Fundamentally, GoS operates as a user group (UG) driven by the industry, aiming to shape the perception and influence the development of streaming-related technical standards through ongoing research into best practices for stream acquisition and delivery. Its primary objective is to advocate for energy efficiency to be recognized as a primary and essential key performance indicator (KPI) by standards development organizations (SDOs).
Of particular significance in the streaming industry is the LESS accord, an initiative spearheaded by GoS. It serves as both a practical premise and a call to action, urging broader participation and collaboration throughout the industry to achieve low-energy sustainable streaming practices.
The concept of sustainability in media
This concept delivery has been supported by scientific research for over a decade, with founding members of GoS actively involved in fundamental studies on this subject. However, progress in implementing sustainable practices has often been slow.
An illustration of this slow progress can be seen in a research project that focused on the power consumption of in-home digital video recorders (DVRs) in legacy on-demand content distribution for MVPD, over-the-air (OTA), and direct-to-home (DTH) distribution.
The research
The research formed the basis of the industry’s Base Case in 2012, which estimated DVR consumption. Remarkably, this estimate still holds true today.
It revealed that in-home DVRs alone consumed power equivalent to three nuclear power stations in the continental United States.
This estimation was based on the fact that most in-home DVRs consumed approximately 33 watts of energy per hour when in use (averaging 14 hours per day for a total of 169 kWh per year) and a similar amount of power (31 watts) during the 10-hour sleep cycle.
The primary difference between active and sleep modes was a dimming of the DVR’s screen, while the hard drives continued to spin and record content, which research found was often left unwatched by consumers.
Surprisingly, consumers returned to their televisions to watch other content instead of catching up on the recorded programs, even if they were not present at home.

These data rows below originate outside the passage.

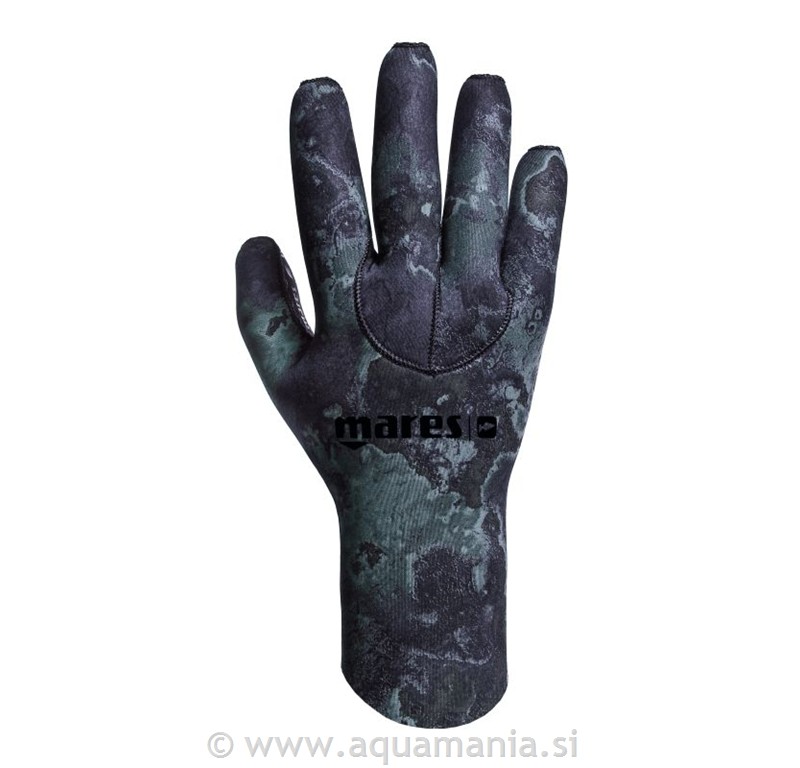 ROKAVICE 3MM - CAMO BLACK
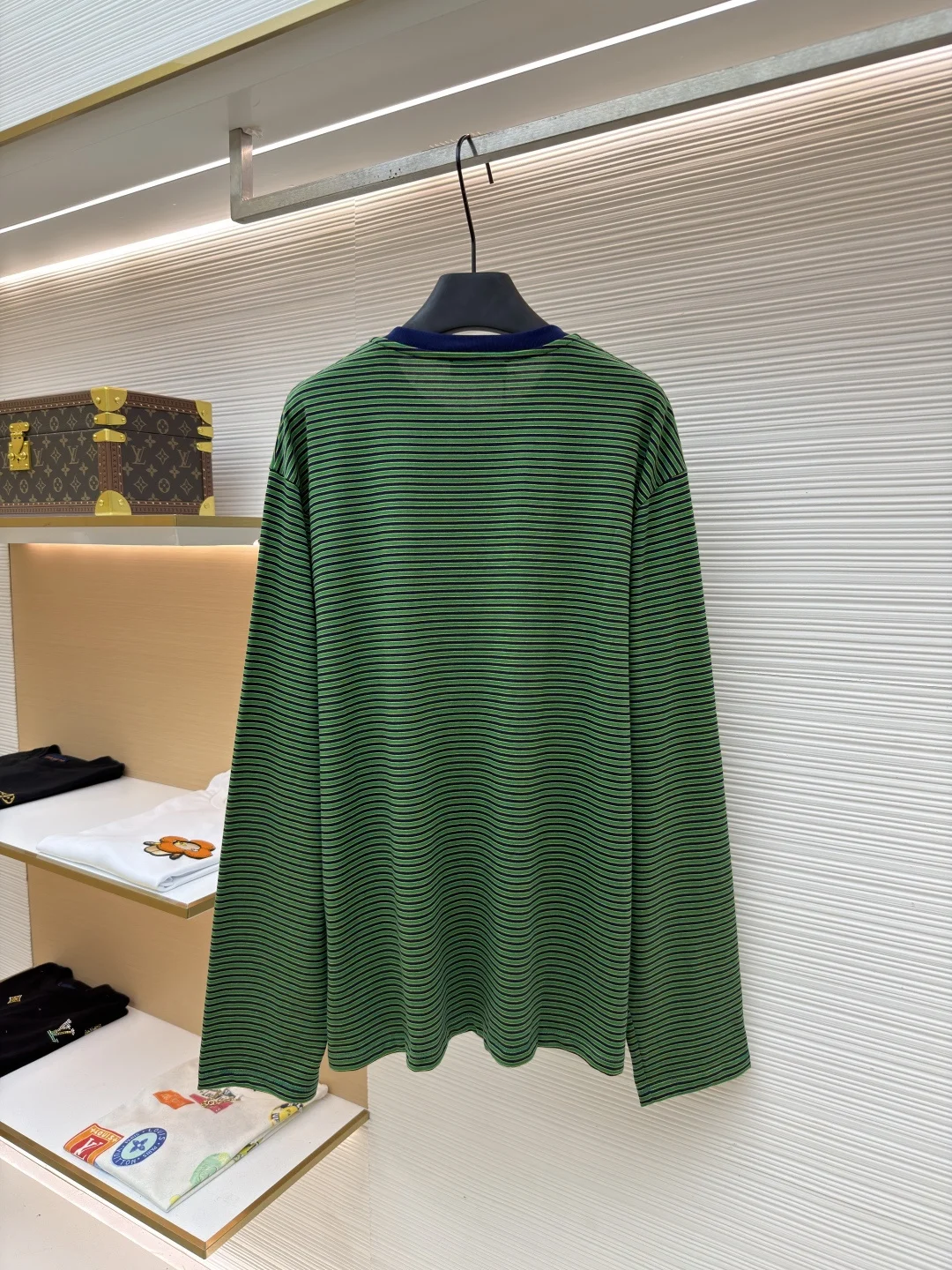 MIU MIU T-shirts Jacquard Cotton XS-L A70202608060333 - Image 2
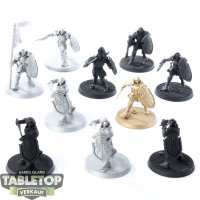 Stormcast Eternals - 10x Liberators - teilweise bemalt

This high-power-consumption approach stemmed from a flawed use-case assumption. The industry believed that consumers would not tolerate the 3-4 seconds required for a device to wake up from an actual sleep mode and spin up the hard drives to access previously recorded content.
As a result, the hard drives of DVRs continued to operate, and the power consumption level never dropped to a true sleep cycle of 3-4 watts.
Nevertheless, these findings served as a significant wake-up call, leading to a voluntary industry agreement known as the Set-Top Box Voluntary Agreement.
First signed in 2013, this agreement aimed to address power consumption and covered set-top boxes provided by cable, satellite, or telephone companies, which serve over 90% of the U.S. pay TV market.
It was revised in 2018 and extended last year, with the coverage of device power consumption now extended until 2025.